March 23, 2012

The Impenetrable Boundary

I find this case really interesting, as it touches on a subject that is not often spoken about in an analytical way. Rather, society as a whole views this group of people with disdain, and instead of trying to understand what makes prison inmates so fearful and strange to us, we tend to discriminate and place them in a sort of impenetrable box that removes "them" from "us." I also am fascinated with this case because one of my brothers spent some time working as a detention officer, and I find a lot of the things mentioned in this case match up with my brother's feelings and experiences.

One thing that is most interesting to me is this divide that Sharon Daniel mentions between "us" and "them." She says in her provocative invitation, "Walk with me across this boundary between inside and outside, bare-life and human-life, and listen to Public Secrets." (Daniel) This statement alone reaffirms the idea that there is a distinction or "boundary" between inmates and people who have never committed a crime. There is a line drawn, and if you are on the inmate side you are "bad" and "other," and if you have not committed a crime (or have never been caught, rather), you are part of the "us" group, and you are good. Judging by the statements made by several of the inmates, I think it is fair to say that they are not only aware of this "othering," but they are also marred by it. The fear that the general public feels toward prisoners is sometimes unwarranted. And this causes the prisoners hardship when they are released as well as hardship while they are on the inside looking out.
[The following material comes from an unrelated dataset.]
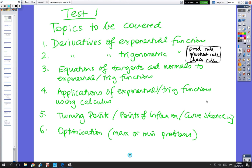Okay, you're looking at a video getting ready for the test next week. Here are the topics to be covered, so you can look at those and write them down if you want to, but let's move on to the first question.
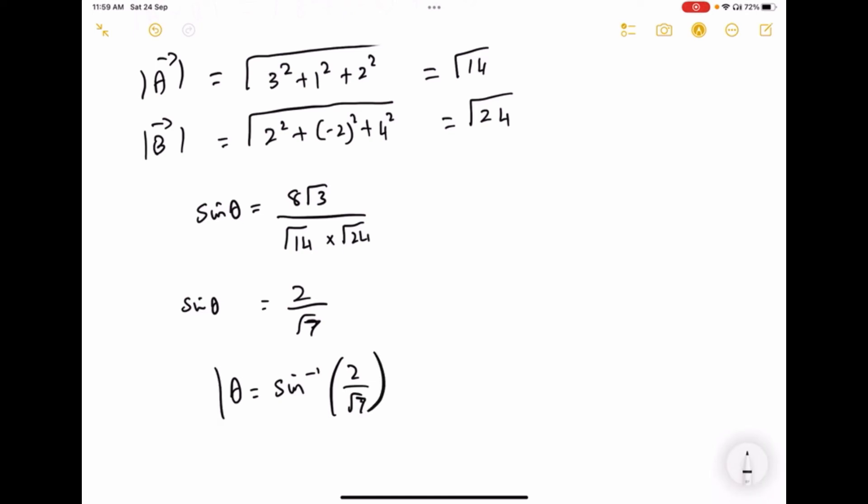This is how we calculate the angle between two vectors.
This is a complex thing for Daniel to take on, and the way that she handles it makes me wonder, can this hypertext critique be called a "speech genre" as defined by Bakhtin? To answer this, I will offer my opinion. I think that this critique could be categorized as a speech genre. There are certainly aspects that are easy to identify and compare to different genres. But I think that to put this critique into a box would do nothing more than to perpetuate the box that the prisoners discussed in this critique have already been placed in. Really, we would be looking at boxes within boxes. And I think that detracts from this case. Instead, I would propose that we employ the concept that Derrida applies to his term "differance," and apply it to this case. Derrida argues for a liberation of thinking, and a freedom from categorization. I think that this is exactly what we owe not only this case and its author, but also prisoners. If we could free this critique from all speech genres and simply examine it as an art form in its own rite, perhaps we could really get it without trying to apply constraints to it. In the same way, if we could examine prisoners as people rather than concepts (of bad and wrongdoing), perhaps we could really get them on a human level. Which seems to be what Daniel wants.